> YOUR TASK: Reproduce each line, exactly, from the one containing "Futuristic Santa Claus" through the end of the material. Exclude pictures.

> MATERIAL SHOWN:
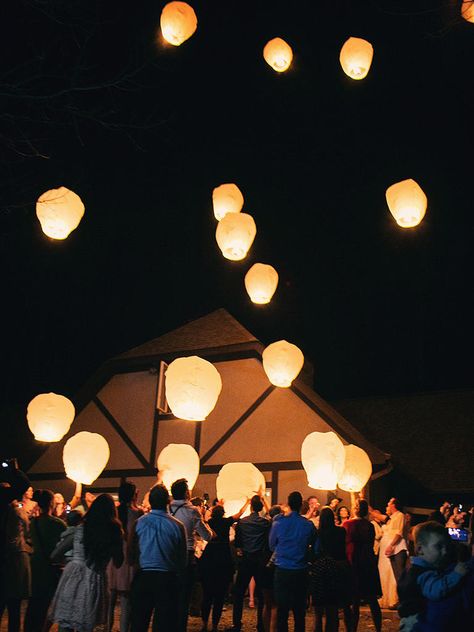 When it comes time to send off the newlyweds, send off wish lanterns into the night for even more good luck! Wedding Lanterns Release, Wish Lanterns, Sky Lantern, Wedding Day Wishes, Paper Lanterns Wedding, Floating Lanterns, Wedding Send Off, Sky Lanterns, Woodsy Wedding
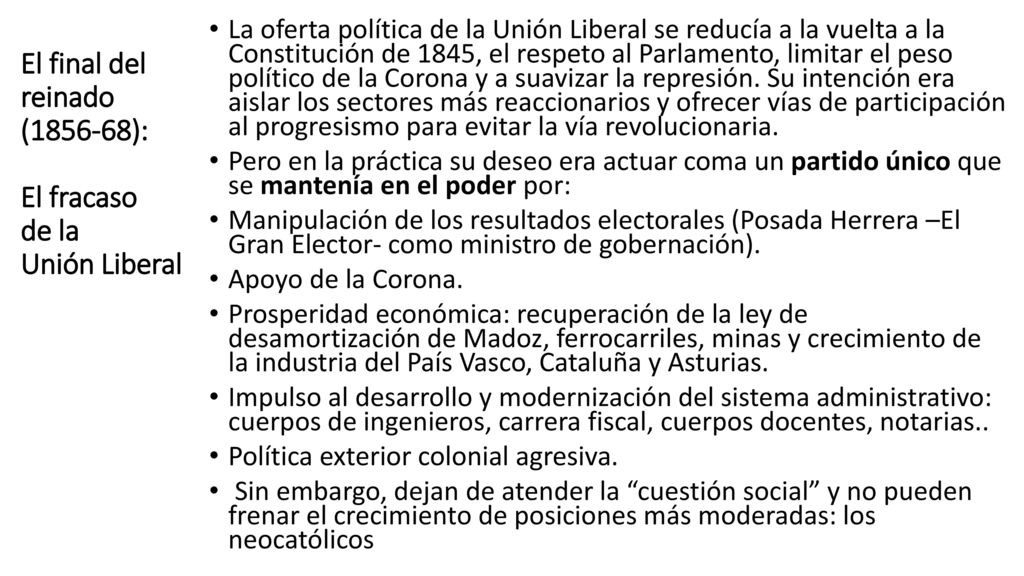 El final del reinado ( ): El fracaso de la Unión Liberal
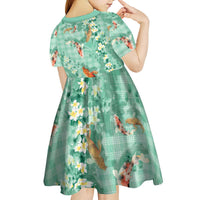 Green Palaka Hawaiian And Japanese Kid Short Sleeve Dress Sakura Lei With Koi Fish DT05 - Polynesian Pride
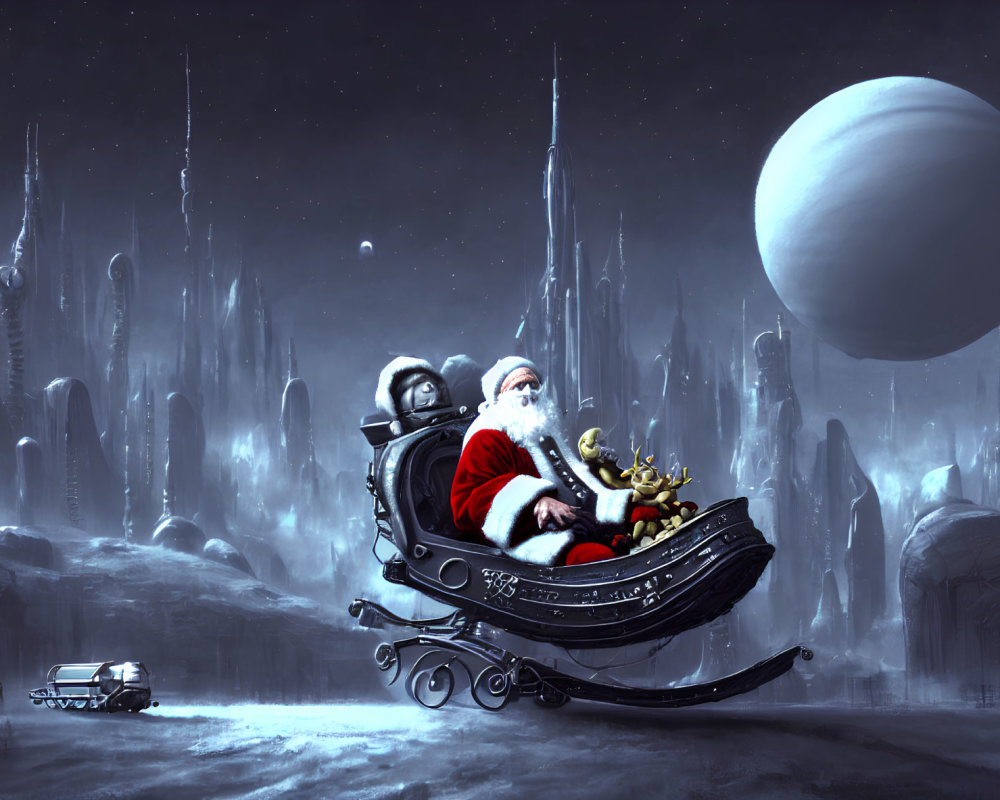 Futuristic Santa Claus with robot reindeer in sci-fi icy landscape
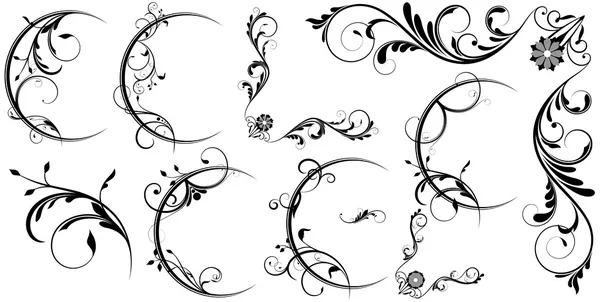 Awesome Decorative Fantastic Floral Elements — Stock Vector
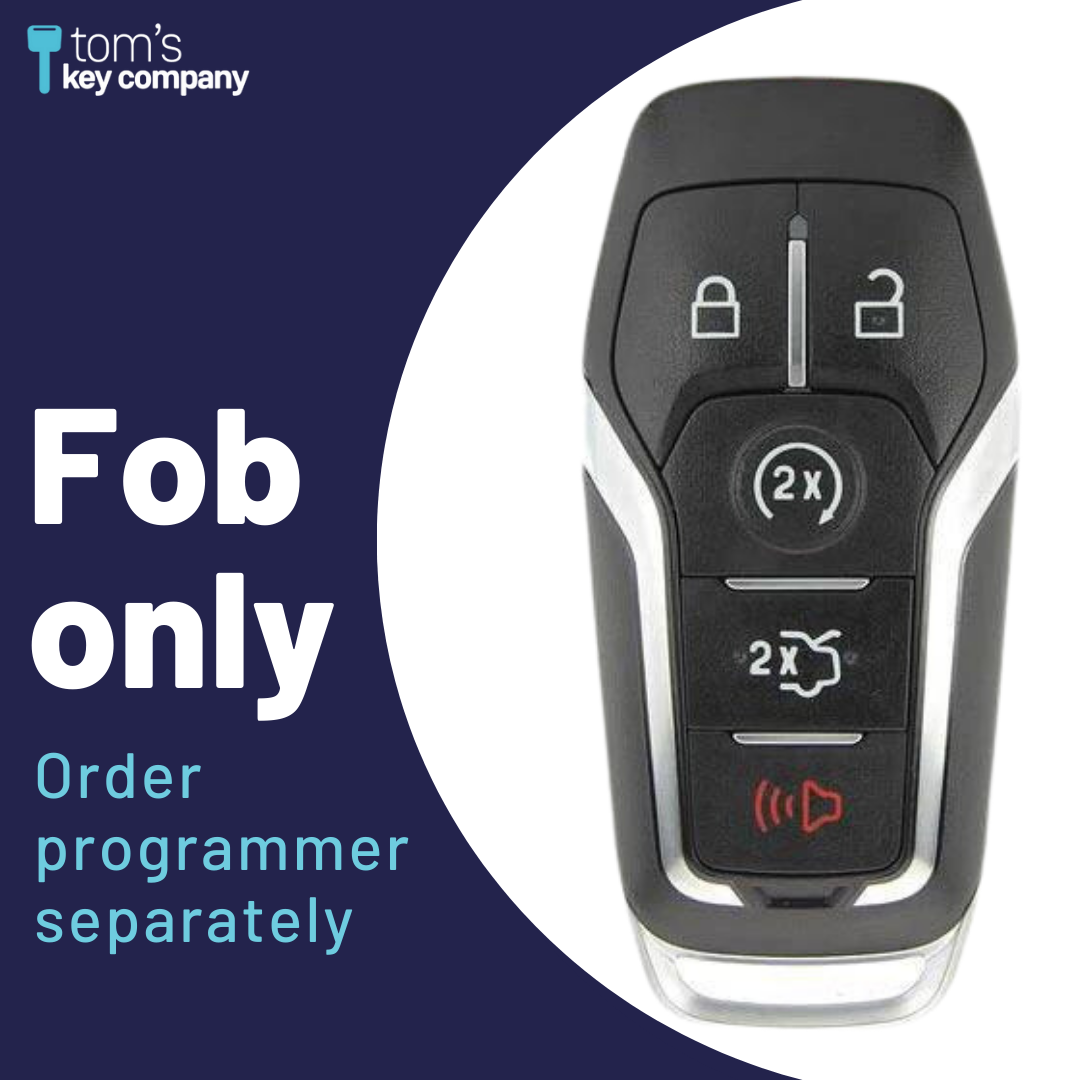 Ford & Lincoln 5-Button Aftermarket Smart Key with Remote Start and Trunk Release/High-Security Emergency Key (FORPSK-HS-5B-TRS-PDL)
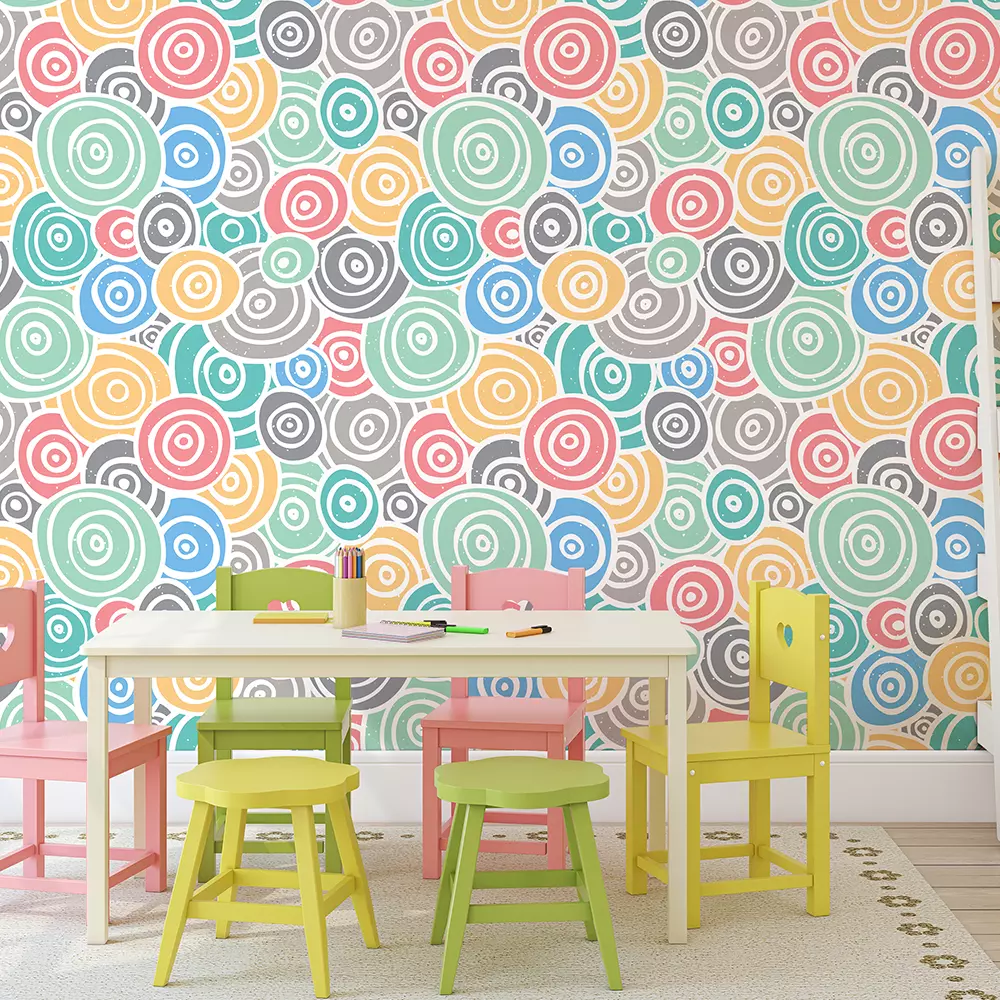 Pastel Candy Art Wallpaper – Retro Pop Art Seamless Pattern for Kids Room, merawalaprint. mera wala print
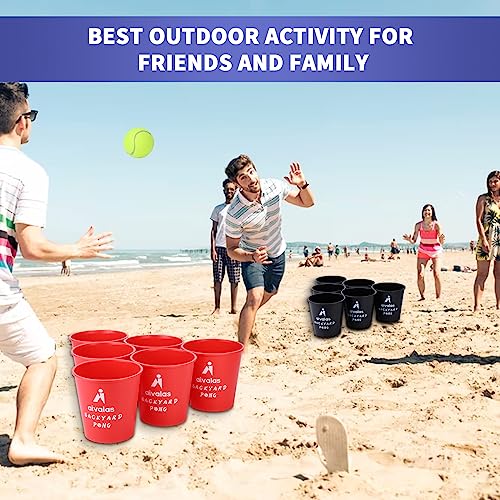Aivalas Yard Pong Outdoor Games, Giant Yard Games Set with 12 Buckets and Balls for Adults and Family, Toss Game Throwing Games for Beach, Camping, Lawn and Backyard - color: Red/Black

> EXERCISE RESPONSE:
 Futuristic Santa Claus with robot reindeer in sci-fi icy landscape
 Awesome Decorative Fantastic Floral Elements — Stock Vector
 Ford & Lincoln 5-Button Aftermarket Smart Key with Remote Start and Trunk Release/High-Security Emergency Key (FORPSK-HS-5B-TRS-PDL)
 Pastel Candy Art Wallpaper – Retro Pop Art Seamless Pattern for Kids Room, merawalaprint. mera wala print
Aivalas Yard Pong Outdoor Games, Giant Yard Games Set with 12 Buckets and Balls for Adults and Family, Toss Game Throwing Games for Beach, Camping, Lawn and Backyard - color: Red/Black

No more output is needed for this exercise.